Says the guy whose reference contradicts his viewpoint.

Even the cheerleading article in the Lifespan Journal acknowledges:

A not negligible number of studies have shown a positive association between higher serum IGF-1 levels and increased risk of breast cancer...​

​

Some evidence points to the possibility that colon cancer might be favored by increased IGF-1 levels...​

​

This piece uses the problems seen with low levels to argue in favor of high levels. But they conveniently overlook the unfavorable mortality studies and the lack of diabetes and cancer in those with Laron syndrome.

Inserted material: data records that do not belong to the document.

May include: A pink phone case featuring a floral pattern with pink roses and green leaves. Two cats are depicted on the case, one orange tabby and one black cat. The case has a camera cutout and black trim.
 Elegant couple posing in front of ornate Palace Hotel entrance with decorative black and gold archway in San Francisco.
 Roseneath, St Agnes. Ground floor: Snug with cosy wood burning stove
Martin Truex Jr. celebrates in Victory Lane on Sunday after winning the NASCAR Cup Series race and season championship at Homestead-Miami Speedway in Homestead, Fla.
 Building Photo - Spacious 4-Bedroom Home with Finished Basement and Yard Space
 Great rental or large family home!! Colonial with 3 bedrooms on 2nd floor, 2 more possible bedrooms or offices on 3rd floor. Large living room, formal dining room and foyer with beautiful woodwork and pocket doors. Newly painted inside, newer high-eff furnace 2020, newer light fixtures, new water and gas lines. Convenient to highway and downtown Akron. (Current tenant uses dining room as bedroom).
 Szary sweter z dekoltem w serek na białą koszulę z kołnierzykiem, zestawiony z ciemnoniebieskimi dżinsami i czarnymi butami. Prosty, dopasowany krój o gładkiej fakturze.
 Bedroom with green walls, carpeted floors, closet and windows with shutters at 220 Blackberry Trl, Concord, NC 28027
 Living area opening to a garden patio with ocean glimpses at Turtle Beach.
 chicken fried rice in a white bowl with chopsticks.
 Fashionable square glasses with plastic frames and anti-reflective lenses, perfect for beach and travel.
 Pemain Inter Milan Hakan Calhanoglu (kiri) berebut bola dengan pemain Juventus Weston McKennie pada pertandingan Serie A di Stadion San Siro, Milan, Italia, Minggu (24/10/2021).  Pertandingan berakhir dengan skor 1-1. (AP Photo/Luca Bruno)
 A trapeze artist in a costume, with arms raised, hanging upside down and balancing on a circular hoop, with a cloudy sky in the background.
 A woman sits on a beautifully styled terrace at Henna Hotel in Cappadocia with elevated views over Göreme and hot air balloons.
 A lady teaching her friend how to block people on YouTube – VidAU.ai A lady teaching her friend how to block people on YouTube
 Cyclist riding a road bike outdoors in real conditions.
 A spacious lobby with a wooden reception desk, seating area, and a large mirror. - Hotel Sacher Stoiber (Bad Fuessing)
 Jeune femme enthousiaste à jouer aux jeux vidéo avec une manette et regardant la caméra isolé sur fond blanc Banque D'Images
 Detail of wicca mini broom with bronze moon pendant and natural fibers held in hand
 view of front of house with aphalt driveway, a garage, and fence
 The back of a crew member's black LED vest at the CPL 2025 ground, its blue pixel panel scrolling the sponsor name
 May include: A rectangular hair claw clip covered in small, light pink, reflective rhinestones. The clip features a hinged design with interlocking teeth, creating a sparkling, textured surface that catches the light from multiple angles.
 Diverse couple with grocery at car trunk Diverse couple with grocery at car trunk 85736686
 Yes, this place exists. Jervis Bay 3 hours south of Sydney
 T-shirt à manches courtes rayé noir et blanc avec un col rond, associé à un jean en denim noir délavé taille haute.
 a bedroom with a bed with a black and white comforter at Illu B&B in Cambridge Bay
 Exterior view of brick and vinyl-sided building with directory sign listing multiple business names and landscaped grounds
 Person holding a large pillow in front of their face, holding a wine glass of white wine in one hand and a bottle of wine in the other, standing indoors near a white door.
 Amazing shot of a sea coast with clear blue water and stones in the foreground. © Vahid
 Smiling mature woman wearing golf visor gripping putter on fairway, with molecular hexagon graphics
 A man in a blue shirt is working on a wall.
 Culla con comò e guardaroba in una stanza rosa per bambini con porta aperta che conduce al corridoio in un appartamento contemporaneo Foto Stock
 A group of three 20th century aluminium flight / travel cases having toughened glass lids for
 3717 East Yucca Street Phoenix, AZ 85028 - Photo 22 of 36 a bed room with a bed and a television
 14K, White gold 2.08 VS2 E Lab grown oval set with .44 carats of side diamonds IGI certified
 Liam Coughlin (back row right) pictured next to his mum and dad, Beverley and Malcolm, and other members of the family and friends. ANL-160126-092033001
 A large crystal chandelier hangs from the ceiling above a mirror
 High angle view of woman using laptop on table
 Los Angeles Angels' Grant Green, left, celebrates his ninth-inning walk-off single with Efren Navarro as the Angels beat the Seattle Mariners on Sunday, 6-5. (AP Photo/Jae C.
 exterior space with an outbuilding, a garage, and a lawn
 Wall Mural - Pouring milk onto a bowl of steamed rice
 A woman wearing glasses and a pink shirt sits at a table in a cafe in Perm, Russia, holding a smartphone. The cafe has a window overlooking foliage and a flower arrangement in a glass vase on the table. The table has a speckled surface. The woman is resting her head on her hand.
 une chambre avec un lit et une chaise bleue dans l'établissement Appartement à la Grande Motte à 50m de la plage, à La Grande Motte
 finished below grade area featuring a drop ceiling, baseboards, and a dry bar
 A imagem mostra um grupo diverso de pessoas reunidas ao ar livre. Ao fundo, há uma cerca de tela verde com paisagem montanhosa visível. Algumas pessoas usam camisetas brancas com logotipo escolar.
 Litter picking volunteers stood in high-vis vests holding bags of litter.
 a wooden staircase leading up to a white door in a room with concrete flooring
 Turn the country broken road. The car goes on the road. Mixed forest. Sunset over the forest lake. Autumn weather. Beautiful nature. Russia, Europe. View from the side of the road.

Dr. Longo said he believed that having very low levels of IGF-1 was the critical feature of the Laron patients’ freedom from age-related diseases. In collaboration with Dr. Guevara-Aguirre, he exposed human cells growing in a laboratory dish to serum from the Laron patients. The cells were then damaged with a chemical that disrupts their DNA. The Laron serum had two significant effects, the two physicians reported on Wednesday in Science Translational Medicine.​

​

First, the serum protected the cells from genetic damage. Second, it spurred the cells that were damaged to destroy themselves, a mechanism the body uses to prevent damaged cells from becoming cancerous. Both these effects were reversed when small amounts of IGF-1 were added to the serum.​

You got it all figured out. You aren't educated so you can't read the literature to have a deep understanding. Good luck!